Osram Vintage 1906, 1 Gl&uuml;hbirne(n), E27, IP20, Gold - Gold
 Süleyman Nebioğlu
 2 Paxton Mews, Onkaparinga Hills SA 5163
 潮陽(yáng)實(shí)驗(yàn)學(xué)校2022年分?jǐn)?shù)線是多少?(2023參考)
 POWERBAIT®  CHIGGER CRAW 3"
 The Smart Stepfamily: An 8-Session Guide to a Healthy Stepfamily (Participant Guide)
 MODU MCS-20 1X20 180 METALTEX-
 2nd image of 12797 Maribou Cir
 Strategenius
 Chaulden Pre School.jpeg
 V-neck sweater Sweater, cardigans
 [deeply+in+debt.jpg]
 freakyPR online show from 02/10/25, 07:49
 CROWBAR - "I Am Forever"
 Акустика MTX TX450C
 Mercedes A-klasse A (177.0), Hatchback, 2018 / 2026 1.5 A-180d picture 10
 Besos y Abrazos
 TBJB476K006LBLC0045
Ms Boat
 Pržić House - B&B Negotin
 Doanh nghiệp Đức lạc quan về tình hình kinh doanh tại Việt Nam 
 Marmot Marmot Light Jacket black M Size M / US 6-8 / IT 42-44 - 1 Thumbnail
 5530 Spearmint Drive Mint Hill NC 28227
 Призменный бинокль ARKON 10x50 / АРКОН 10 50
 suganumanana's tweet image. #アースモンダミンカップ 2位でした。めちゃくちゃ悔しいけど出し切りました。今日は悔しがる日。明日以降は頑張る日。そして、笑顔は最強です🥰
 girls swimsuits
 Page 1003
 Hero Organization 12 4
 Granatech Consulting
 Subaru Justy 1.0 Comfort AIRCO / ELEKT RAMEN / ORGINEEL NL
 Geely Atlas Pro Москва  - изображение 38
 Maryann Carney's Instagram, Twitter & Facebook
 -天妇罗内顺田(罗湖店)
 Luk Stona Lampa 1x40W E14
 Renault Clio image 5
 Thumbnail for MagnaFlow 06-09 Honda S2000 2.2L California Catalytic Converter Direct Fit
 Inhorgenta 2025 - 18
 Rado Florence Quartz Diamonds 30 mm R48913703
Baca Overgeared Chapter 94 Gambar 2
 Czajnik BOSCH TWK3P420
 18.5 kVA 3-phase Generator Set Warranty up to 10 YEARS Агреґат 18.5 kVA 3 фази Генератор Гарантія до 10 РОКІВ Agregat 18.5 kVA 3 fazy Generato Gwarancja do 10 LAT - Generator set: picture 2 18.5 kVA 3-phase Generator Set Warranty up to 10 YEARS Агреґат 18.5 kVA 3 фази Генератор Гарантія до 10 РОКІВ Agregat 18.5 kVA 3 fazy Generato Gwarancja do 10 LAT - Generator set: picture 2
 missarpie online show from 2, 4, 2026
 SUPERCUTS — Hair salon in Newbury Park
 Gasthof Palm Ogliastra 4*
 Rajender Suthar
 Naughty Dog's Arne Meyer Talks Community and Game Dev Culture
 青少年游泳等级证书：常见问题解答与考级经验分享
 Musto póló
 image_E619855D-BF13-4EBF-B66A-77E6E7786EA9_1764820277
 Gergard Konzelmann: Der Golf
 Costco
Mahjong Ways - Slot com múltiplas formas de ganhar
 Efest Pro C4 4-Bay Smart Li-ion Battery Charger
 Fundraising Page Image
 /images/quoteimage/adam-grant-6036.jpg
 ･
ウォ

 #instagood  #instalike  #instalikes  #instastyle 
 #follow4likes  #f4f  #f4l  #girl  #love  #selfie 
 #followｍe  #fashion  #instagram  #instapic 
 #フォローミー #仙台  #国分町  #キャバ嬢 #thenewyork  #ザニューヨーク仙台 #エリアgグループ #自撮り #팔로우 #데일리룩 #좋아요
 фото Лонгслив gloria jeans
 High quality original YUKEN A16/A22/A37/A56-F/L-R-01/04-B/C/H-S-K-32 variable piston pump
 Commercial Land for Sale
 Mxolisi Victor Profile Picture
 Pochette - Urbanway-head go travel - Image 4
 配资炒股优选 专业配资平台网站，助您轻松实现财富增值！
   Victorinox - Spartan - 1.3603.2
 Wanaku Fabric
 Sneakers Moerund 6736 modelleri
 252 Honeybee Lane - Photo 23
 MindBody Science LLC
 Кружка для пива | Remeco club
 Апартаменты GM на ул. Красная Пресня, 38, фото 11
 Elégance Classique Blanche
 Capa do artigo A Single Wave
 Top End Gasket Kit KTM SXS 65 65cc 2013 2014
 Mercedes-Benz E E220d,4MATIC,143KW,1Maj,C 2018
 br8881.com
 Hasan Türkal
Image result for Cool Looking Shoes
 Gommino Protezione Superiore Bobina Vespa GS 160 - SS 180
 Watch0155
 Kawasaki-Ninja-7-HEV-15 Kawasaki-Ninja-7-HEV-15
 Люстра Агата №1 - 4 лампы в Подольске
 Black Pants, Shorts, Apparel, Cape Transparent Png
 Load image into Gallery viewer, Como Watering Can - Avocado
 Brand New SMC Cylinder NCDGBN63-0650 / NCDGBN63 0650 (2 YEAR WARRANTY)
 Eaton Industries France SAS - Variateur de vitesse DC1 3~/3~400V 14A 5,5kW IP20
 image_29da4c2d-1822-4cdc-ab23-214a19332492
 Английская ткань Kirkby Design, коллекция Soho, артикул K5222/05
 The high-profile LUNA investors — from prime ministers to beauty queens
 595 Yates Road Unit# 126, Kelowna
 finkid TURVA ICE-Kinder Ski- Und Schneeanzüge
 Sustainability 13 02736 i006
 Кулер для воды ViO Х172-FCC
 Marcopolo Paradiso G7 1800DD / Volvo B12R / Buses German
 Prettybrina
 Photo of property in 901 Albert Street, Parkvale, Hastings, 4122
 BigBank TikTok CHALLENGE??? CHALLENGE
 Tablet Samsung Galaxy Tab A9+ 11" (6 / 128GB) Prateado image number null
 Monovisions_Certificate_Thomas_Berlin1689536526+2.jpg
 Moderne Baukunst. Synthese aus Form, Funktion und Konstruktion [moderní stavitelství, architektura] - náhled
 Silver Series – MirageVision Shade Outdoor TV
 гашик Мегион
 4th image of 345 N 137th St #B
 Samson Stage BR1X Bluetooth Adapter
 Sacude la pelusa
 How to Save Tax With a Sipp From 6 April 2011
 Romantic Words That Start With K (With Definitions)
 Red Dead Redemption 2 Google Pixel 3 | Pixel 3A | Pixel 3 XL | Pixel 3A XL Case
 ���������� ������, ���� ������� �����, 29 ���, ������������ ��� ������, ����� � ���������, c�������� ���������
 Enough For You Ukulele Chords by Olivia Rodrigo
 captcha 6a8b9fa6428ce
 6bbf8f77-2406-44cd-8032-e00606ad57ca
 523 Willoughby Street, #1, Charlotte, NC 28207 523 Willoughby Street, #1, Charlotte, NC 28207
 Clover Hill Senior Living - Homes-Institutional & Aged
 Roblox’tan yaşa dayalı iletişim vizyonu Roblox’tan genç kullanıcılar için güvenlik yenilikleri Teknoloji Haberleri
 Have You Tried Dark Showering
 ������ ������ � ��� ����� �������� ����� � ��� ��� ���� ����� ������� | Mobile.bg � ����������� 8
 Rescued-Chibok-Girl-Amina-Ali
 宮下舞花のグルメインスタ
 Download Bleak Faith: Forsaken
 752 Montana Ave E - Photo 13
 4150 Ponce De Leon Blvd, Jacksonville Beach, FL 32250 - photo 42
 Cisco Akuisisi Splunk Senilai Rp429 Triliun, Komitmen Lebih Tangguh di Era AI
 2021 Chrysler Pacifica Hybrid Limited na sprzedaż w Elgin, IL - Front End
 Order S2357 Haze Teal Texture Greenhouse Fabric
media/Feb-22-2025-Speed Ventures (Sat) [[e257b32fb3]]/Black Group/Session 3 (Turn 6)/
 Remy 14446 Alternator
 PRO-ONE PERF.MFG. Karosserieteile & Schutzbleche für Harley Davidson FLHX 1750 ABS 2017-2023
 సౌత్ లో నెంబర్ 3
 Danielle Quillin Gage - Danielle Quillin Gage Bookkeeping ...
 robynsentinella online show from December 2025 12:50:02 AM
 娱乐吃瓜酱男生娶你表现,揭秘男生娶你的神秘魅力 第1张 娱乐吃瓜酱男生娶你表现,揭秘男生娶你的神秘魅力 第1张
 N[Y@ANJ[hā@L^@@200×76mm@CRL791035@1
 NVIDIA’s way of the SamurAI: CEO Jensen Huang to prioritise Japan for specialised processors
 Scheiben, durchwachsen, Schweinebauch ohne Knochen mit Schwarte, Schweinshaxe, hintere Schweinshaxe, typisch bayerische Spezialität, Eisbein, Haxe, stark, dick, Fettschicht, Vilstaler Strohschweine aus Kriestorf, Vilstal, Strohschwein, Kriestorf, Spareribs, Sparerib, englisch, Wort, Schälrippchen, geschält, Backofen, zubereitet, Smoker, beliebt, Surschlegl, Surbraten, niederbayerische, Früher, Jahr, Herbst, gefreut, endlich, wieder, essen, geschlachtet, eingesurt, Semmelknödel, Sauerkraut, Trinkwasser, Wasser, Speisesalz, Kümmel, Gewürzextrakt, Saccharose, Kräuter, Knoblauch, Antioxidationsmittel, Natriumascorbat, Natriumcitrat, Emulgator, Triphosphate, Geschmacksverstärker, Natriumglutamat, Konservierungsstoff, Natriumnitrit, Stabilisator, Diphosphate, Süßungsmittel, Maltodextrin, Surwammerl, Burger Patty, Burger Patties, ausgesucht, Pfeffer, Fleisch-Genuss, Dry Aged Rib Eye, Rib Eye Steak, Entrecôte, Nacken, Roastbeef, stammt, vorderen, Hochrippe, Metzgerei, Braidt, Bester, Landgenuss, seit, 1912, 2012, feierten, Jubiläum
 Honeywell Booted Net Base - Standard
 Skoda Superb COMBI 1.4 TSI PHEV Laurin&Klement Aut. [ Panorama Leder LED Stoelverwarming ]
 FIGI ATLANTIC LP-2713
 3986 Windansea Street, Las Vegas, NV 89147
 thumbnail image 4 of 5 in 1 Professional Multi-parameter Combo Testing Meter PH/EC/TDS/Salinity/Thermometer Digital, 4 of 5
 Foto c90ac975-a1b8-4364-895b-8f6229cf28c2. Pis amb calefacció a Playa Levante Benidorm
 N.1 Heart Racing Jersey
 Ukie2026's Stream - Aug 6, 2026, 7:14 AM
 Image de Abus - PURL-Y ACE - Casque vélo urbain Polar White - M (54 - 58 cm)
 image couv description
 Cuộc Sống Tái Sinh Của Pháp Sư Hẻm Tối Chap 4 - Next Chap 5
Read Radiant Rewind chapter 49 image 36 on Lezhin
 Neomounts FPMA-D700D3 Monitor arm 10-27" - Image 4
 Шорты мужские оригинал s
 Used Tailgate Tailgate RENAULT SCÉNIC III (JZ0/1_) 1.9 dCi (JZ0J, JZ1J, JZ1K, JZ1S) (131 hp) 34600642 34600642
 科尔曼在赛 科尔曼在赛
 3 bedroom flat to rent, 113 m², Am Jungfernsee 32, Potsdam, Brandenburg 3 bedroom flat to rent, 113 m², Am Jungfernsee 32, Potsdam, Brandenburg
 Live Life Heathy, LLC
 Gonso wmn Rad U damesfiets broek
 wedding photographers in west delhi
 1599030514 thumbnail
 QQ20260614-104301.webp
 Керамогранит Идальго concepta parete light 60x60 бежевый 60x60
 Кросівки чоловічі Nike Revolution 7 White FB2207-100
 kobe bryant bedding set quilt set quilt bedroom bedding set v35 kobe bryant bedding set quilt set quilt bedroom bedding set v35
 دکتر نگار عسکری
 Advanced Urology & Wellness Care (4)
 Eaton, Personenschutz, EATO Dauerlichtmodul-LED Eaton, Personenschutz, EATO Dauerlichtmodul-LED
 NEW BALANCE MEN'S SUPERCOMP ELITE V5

==============================

**Work instructions**:
Output the material above exactly, but only from the line that carries "2nd image of 12797 Maribou Cir" through the line that carries "Subaru Justy 1.0".

**Response area**:
 2nd image of 12797 Maribou Cir
 Strategenius
 Chaulden Pre School.jpeg
 V-neck sweater Sweater, cardigans
 [deeply+in+debt.jpg]
 freakyPR online show from 02/10/25, 07:49
 CROWBAR - "I Am Forever"
 Акустика MTX TX450C
 Mercedes A-klasse A (177.0), Hatchback, 2018 / 2026 1.5 A-180d picture 10
 Besos y Abrazos
 TBJB476K006LBLC0045
Ms Boat
 Pržić House - B&B Negotin
 Doanh nghiệp Đức lạc quan về tình hình kinh doanh tại Việt Nam 
 Marmot Marmot Light Jacket black M Size M / US 6-8 / IT 42-44 - 1 Thumbnail
 5530 Spearmint Drive Mint Hill NC 28227
 Призменный бинокль ARKON 10x50 / АРКОН 10 50
 suganumanana's tweet image. #アースモンダミンカップ 2位でした。めちゃくちゃ悔しいけど出し切りました。今日は悔しがる日。明日以降は頑張る日。そして、笑顔は最強です🥰
 girls swimsuits
 Page 1003
 Hero Organization 12 4
 Granatech Consulting
 Subaru Justy 1.0 Comfort AIRCO / ELEKT RAMEN / ORGINEEL NL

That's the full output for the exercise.